Summary
Team:
Dr. Wei Ding (CPPM), Dr. Steve Andrews (Dept. of Physics), Dr. Stefan Maier (CPPM)
Fiber tapering produces an ideal transition from a buried waveguide of the un-tapered fiber to an open waveguide of micron-scale taper waist, with low excess loss and conservation of cylindrical symmetry. Exploiting this convenient access to the evanescent field of the guided wave, we try to introduce longitudinal structures along fiber links. Two motivations for this research work are:
1. Applications of fiber tapers are widely enriched: Longitudinal structures allow control over the properties of light propagating along the fiber. Longitudinal mode coupling, not only the transverse evanescent coupling, dramatically widens the applications of fiber tapers;
2. Planar processing techniques are introduced: This way, versatile structures, rather than only UV-induced index modulations, can be formed along the fiber. The ranges of index contrast and structure geometry are broadened.
However, the challenge of this research is manifest: how to transplant planar processing techniques, which are usually compatible with large-sized planar wafers, to the curved surface of a micron-scale fiber taper? The following examples represent our explorations in this direction.
Fibre tapers decorated with Au surface Bragg gratings
Using interference lithography and metal deposition/lift-off techniques, periodic Au strips with a period of ~0.5µm have been produced on the top side of a ~10µm-diameter fiber taper, as schematically shown in Fig. 1a. Fig. 1b is the corresponding scanning electron micrograph. The high dielectric contrast between the grating material (Re {εAu} ~ -60 in near infrared) and the environment results in a strong mode coupling even with a small field overlap. This is verified by the measured transmission spectrum as shown in Fig. 1c, where the dips on the right represent the couplings to the backward guided modes, and the dip on the left is induced by the radiation mode coupling.
When this Au grating fiber taper is immersed into a high index medium, the transmission dips move towards longer wavelengths, as shown in Fig. 2a and 2b. The evolution of the resonant wavelengths of various mode couplings with external medium index are plotted in Fig. 2c. The high sensitivity of the radiation mode coupling to external medium index suggests the application of this device in refractometric sensing. Another merit of this refractometric sensing is its wide working range (εEx ~ [1, 1.42]).

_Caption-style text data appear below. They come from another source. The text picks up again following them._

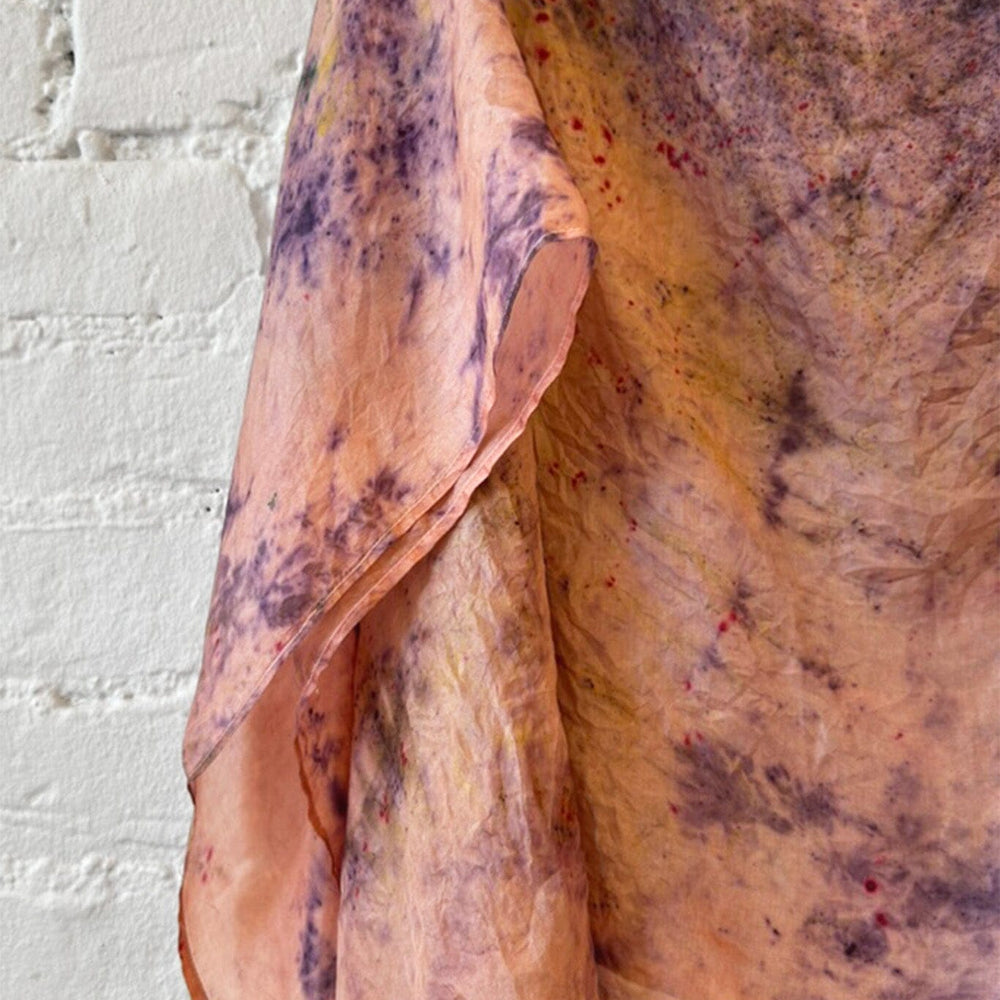 Tie dye silk scarf with earthy tones draped over a surface against a white brick wall.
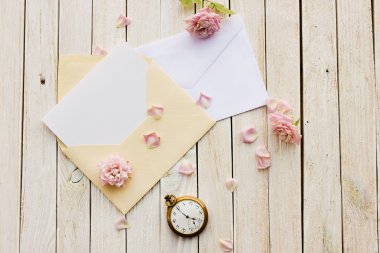 İçinde kart olan iki zarf, eski cep saati ve bir gül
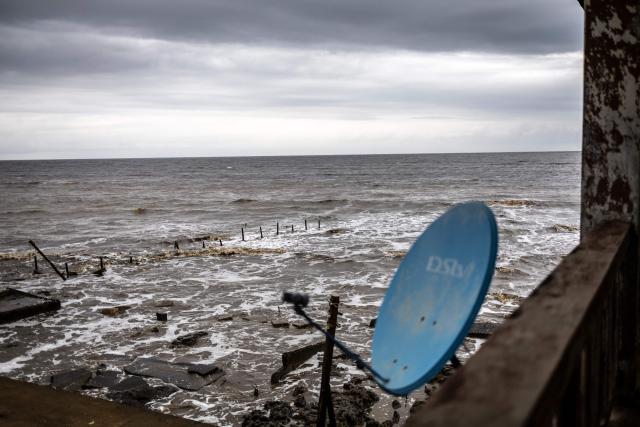 A satellite dish is seen overlooking buildings destroyed by coastal erosion from the King's Palace in Ayetoro, Ondo State, on August 6, 2026. The coastal community of Ayetoro, in Nigeria's southwestern Ondo State, has become one of the country's most visible examples of the vulnerability of communities living along the Atlantic Ocean to coastal erosion and rising waters. Since the early 2000s, coastal erosion in Ayetoro has progressively intensified, with the Atlantic Ocean gradually encroaching on the settlement, swallowing homes, schools, and other infrastructure, and forcing some residents to relocate several times. The ocean that the community has lived alongside for generations has become a constant threat, leaving families to rebuild further inland only to see the water reach them again. For many in Ayetoro, the question is no longer whether the sea will reach their home, but when. (Photo by OLYMPIA DE MAISMONT / AFP)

Fibre tapers with surface corrugation Bragg gratings
Using interference lithography and reactive ion etching techniques, we also produced corrugation Bragg gratings on the surface of fiber tapers as shown in Fig. 3a and Fig. 3b. Although the cylindrically asymmetric gratings in the taper waist can couple the forward fundamental mode to backward high-order modes, these components are filtered into highly lossy cladding modes in the un-tapered fiber via an adiabatic taper transition. The reflection spectrum in Fig, 3c illustrates this function. Therefore, this grating fiber taper can be used as a reflection-based fiber filter, which works in a semi single-mode model.

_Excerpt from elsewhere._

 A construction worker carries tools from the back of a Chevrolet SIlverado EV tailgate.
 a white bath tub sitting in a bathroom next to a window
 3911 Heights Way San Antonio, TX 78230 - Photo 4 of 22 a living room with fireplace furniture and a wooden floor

In order to enrich the spectral property of this grating fiber taper, we keep the grating period constant and vary the taper diameter profile. This method is much easier in fabrication than to write a period-variable grating along a fiber. Fig. 4 shows the SEM measured taper diameter profiles (a and b) and corresponding measured and calculated reflection spectra. (c and d). The manipulation to the spectral characteristics of a fiber filter device can be obtained by controlling the shape of the fiber taper using the mature fiber tapering technique.